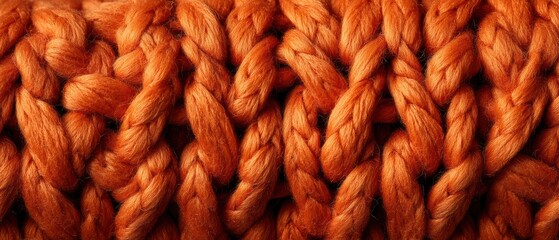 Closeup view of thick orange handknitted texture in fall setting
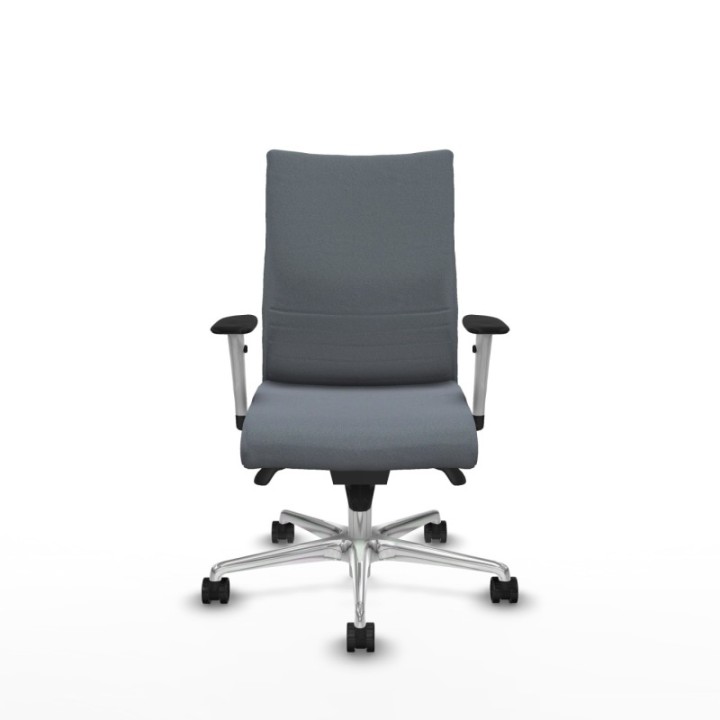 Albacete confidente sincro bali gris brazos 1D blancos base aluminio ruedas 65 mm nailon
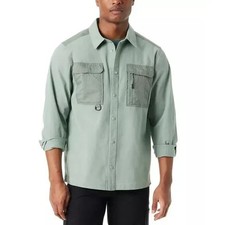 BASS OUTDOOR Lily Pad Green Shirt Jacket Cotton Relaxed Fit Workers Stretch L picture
....
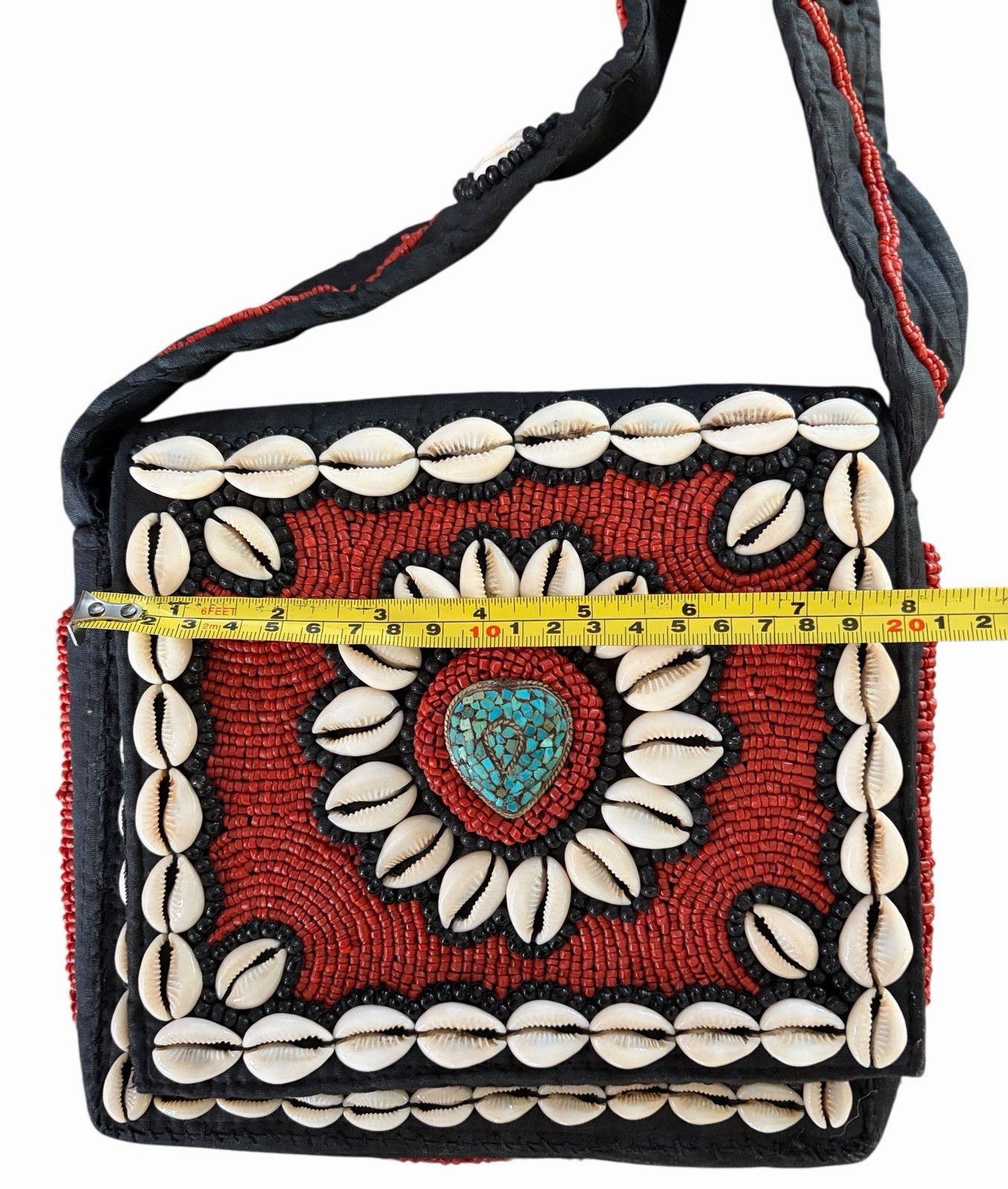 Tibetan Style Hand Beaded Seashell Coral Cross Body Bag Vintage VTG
....
■ How to complete this task
Treat the line with "Closeup view of" as the start and the line with "BASS OUTDOOR Lily" as the end, and return exactly that span of the data above, both ends included, without pictures.

■ Worked solution
 Closeup view of thick orange handknitted texture in fall setting
 Albacete confidente sincro bali gris brazos 1D blancos base aluminio ruedas 65 mm nailon
 BASS OUTDOOR Lily Pad Green Shirt Jacket Cotton Relaxed Fit Workers Stretch L picture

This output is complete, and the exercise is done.